Closed ntaherkhani closed 4 years ago
Please check the list of available models and pipelines here, if you don't want to download from S3 which only happens once you can manually download it and load() it as we discussed before. https://github.com/JohnSnowLabs/spark-nlp-models
PS: there is no such thing as universal-sentence-encoder-multilingual-large
in our models, only the models/pipelines available in that list can be used.
Check the documentation for more info: https://nlp.johnsnowlabs.com/docs/en/models
I downloaded the "UniversalSentenceEncoder", "tfhub_use_lg " and tried to load the pretrained model using following line use = UniversalSentenceEncoder.load("/........./Downloads/tfhub_use_lg_en_2.4.0_2.4_1580583670712/")
but I am still getting error. py4j.protocol.Py4JJavaError: An error occurred while calling z:com.johnsnowlabs.nlp.embeddings.UniversalSentenceEncoder.read. : java.lang.NoClassDefFoundError: com/amazonaws/AmazonClientException
did I miss something?
Please copy the entire error, version of Spark NLP and Apache Spark.
I moved this to another repo, it’s not about our examples.
Thanks for your reply .
SparkNLP version : 2.4.5 pyspark version:2.4.5 And I use spark-2.4.3-bin-hadoop2.7
I just tried a very simple sample.
this entire simple code: from pyspark.context import SparkContext from pyspark.conf import SparkConf from pyspark.sql import SQLContext sparkContext = SparkContext(conf=SparkConf().set("spark.driver.extraClassPath", "/Users/....../Downloads/spark-nlp_2.11-2.4.5.jar").set("spark.executor.extraClassPath", "/Users/....../Downloads/spark-nlp_2.11-2.4.5.jar"))
sqlContext = SQLContext (sparkContext)
from sparknlp.annotator import *
use = UniversalSentenceEncoder.load("/Users/ ..../Downloads/tfhub_use_lg_en_2.4.0_2.4_1580583670712/") \ .setInputCols(["document"]) \ .setOutputCol("sentence_embeddings")
And this is entire error:
Traceback (most recent call last):
File "/Users/...../Library/Application Support/IntelliJIdea2019.1/python/helpers/pydev/pydevd.py", line 1741, in
Thanks for sharing the code and error.
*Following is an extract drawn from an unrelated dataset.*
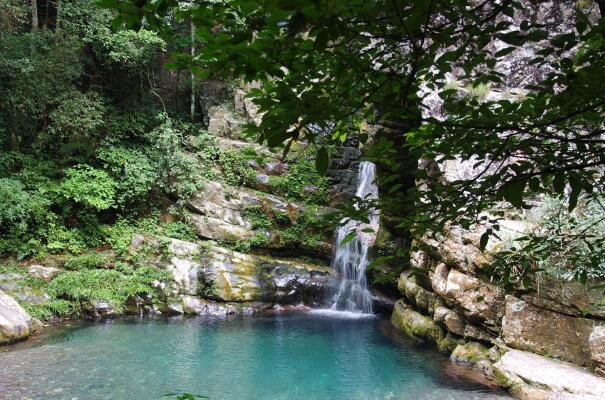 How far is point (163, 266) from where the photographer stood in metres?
10.7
The code looks good, but how are you starting the SparkSession? More accurately, where are you executing this code? Is it in Python console or pyspark-shell etc.?
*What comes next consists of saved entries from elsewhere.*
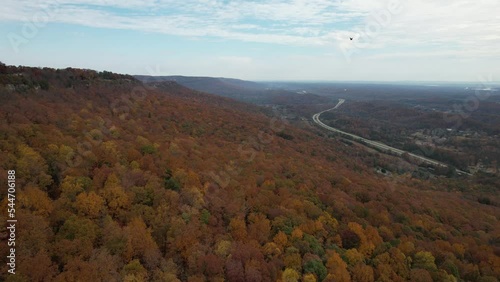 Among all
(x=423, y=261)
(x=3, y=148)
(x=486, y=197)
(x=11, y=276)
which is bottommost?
(x=486, y=197)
I don't see sparknlp.star()
to start the session so I assume you either start it yourself or it already started like being in pyspark shell.
thanks for a quick response. I added sparknlp.start() in code but didn't help I am using Intellij and debug the sample code from this Idea.
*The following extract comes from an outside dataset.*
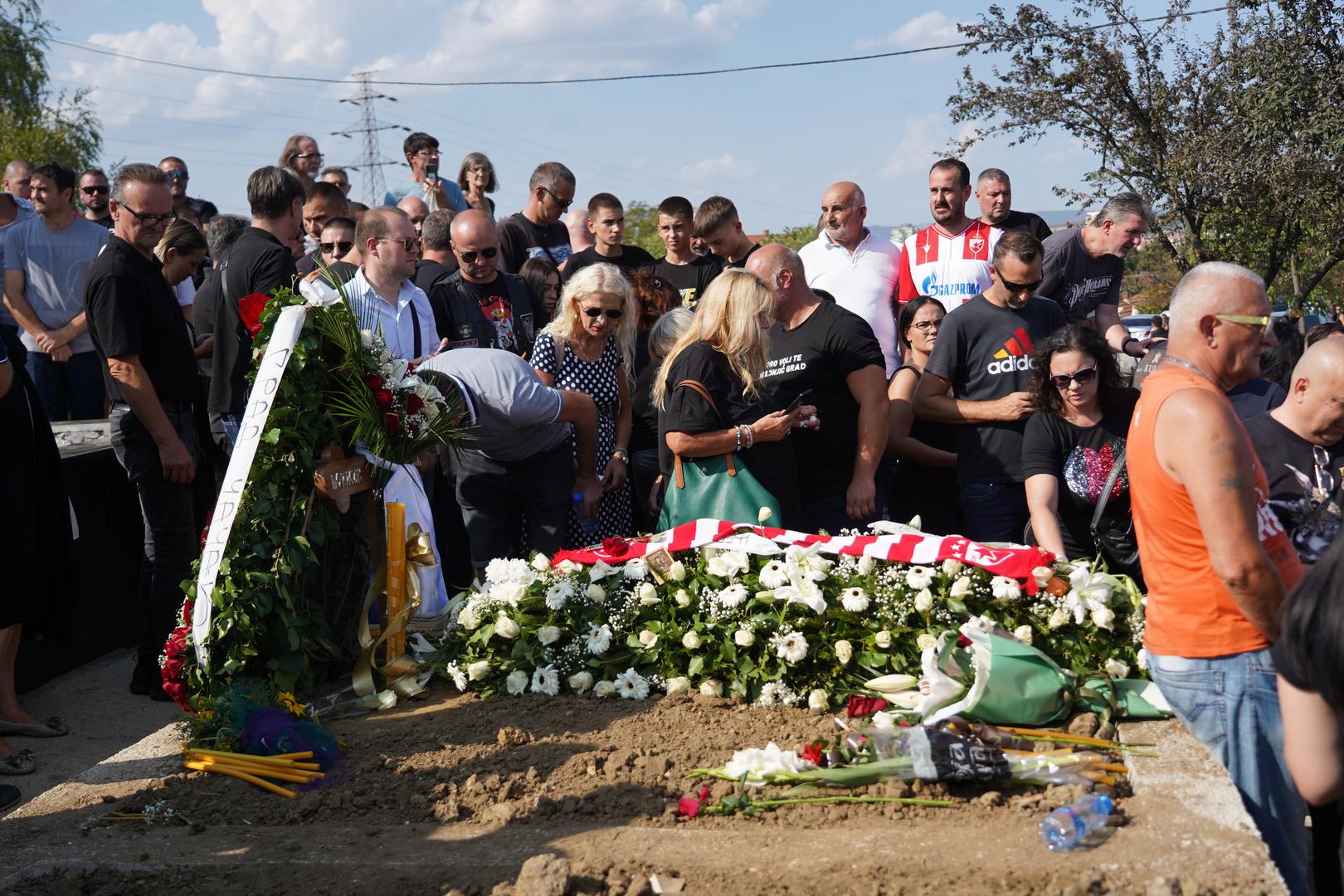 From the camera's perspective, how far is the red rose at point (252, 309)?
5023 millimetres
I added aws-java-sdk-core.jar and aws-java-sdk-s3 in $SPARK_HOME/jars folder, and the AmazonClientException class not defined error is gone. however, another error comes up. py4j.protocol.Py4JJavaError: An error occurred while calling z:com.johnsnowlabs.nlp.embeddings.UniversalSentenceEncoder.read. : java.lang.NoClassDefFoundError: com/typesafe/config/ConfigMergeable So, I think sparknlp's requirements didnt install correctly. do you have any clue for fixing this issue. thanks in advance.
Intellij starts the SparkSession before the actual sparknlp.start. The way to test is this:
$ java -version
# should be Java 8 (Oracle or OpenJDK)
$ conda create -n sparknlp python=3.6 -y
$ conda activate sparknlp
$ pip install spark-nlp==2.4.5 pyspark==2.4.4
Go to Python console and run the code with sparknlp.start()
# Import Spark NLP
from sparknlp.base import *
from sparknlp.annotator import *
from sparknlp.pretrained import PretrainedPipeline
import sparknlp
# Start Spark Session with Spark NLP
spark = sparknlp.start()
#the rest of the code
This works then the issue is you importing Spark NLP in your project. You are doing Python in Intellij so you have pip install spark-nlp but you are missing the Fat JAR being inside the SparkSession. You can get the fat JAR from here: https://github.com/JohnSnowLabs/spark-nlp/releases/tag/2.4.5
The code you have works perfectly when the SparkSession has either the Spark NLP package or jar, so you need to see how to add it to your application.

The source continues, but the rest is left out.